## [DESCRIPTION OF THE TASK]
In the entries that follow, the lines from the one with "SUV TITANIUM 225Hk 2WD AUT" through the one with "Allbirds Wool Runner" are the ones to write out, exactly and with both ends included. Nothing else should appear.

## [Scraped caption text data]
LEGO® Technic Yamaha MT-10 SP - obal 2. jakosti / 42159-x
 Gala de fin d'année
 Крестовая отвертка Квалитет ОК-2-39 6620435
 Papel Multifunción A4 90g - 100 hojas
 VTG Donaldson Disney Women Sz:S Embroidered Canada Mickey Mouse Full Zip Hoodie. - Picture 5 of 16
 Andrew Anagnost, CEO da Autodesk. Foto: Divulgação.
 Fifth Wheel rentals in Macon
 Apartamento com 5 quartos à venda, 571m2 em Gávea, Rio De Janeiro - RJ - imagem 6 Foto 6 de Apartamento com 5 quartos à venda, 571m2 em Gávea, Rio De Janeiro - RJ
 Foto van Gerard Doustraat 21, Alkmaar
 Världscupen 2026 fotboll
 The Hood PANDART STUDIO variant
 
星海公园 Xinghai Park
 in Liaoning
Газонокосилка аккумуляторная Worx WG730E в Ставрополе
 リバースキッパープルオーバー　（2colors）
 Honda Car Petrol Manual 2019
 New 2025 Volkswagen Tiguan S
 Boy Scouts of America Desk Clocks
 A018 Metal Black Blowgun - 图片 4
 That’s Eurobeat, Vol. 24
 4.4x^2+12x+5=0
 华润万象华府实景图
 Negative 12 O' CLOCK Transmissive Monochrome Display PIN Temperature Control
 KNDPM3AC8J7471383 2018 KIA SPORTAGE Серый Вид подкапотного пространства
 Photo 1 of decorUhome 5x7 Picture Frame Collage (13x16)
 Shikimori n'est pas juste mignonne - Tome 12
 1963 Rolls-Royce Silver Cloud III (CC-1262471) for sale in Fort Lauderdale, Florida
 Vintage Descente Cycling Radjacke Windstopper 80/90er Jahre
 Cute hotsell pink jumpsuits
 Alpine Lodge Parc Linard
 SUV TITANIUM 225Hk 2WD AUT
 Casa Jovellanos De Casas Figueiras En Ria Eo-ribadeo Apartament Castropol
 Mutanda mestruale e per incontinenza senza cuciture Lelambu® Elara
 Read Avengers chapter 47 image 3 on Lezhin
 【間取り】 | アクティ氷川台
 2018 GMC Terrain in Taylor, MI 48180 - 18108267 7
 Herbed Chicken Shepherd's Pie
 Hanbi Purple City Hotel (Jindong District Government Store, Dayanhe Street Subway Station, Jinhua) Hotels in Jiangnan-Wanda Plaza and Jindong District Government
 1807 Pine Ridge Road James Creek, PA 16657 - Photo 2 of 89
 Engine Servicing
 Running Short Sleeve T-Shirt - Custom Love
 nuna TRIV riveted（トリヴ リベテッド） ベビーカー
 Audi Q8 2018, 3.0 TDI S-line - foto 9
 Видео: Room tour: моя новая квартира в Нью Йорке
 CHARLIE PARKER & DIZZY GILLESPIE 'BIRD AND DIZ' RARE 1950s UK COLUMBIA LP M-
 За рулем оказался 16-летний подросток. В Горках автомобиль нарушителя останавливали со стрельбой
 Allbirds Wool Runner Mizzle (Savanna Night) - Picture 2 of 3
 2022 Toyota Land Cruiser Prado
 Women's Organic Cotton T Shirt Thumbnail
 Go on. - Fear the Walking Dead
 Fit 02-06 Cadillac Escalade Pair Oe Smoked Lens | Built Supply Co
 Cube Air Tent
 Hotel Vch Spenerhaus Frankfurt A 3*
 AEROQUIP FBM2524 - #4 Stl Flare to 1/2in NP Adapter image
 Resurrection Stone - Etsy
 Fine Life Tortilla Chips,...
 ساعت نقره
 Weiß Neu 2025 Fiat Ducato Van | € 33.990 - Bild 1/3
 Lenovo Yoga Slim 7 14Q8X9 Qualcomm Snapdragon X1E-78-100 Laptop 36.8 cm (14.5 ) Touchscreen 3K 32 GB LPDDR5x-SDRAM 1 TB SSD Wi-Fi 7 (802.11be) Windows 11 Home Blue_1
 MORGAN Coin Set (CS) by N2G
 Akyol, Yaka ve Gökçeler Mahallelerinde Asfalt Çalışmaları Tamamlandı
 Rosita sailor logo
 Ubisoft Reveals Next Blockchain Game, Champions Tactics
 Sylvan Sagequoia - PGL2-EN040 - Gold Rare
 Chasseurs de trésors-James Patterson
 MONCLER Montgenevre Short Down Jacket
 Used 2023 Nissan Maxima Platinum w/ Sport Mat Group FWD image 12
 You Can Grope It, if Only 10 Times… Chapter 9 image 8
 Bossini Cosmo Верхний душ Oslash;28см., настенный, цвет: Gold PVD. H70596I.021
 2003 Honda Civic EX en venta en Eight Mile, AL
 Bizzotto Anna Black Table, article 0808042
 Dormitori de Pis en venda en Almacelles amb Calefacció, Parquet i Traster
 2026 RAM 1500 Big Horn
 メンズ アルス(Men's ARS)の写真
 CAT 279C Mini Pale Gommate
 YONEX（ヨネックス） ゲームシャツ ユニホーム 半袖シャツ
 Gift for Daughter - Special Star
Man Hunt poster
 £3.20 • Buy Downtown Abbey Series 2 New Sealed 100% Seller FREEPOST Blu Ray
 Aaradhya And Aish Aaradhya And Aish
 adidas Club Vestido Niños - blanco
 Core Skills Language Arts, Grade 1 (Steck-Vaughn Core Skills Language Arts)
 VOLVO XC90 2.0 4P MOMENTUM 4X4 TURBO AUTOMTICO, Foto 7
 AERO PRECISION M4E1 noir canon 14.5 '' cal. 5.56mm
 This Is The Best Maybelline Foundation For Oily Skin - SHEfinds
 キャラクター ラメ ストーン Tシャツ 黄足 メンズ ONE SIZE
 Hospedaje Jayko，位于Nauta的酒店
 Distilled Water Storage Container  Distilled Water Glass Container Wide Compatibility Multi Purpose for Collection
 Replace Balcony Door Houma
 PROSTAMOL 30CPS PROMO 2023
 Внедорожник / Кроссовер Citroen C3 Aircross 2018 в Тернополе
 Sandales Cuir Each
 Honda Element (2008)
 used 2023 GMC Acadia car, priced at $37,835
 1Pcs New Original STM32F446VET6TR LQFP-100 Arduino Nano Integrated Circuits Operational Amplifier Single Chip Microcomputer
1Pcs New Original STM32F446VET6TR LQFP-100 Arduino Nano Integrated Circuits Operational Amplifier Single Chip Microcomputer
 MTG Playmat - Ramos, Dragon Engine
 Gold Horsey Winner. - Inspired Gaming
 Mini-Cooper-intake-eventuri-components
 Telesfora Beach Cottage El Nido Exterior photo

## [RESPONSE FOR THIS EXERCISE]
 SUV TITANIUM 225Hk 2WD AUT
 Casa Jovellanos De Casas Figueiras En Ria Eo-ribadeo Apartament Castropol
 Mutanda mestruale e per incontinenza senza cuciture Lelambu® Elara
 Read Avengers chapter 47 image 3 on Lezhin
 【間取り】 | アクティ氷川台
 2018 GMC Terrain in Taylor, MI 48180 - 18108267 7
 Herbed Chicken Shepherd's Pie
 Hanbi Purple City Hotel (Jindong District Government Store, Dayanhe Street Subway Station, Jinhua) Hotels in Jiangnan-Wanda Plaza and Jindong District Government
 1807 Pine Ridge Road James Creek, PA 16657 - Photo 2 of 89
 Engine Servicing
 Running Short Sleeve T-Shirt - Custom Love
 nuna TRIV riveted（トリヴ リベテッド） ベビーカー
 Audi Q8 2018, 3.0 TDI S-line - foto 9
 Видео: Room tour: моя новая квартира в Нью Йорке
 CHARLIE PARKER & DIZZY GILLESPIE 'BIRD AND DIZ' RARE 1950s UK COLUMBIA LP M-
 За рулем оказался 16-летний подросток. В Горках автомобиль нарушителя останавливали со стрельбой
 Allbirds Wool Runner Mizzle (Savanna Night) - Picture 2 of 3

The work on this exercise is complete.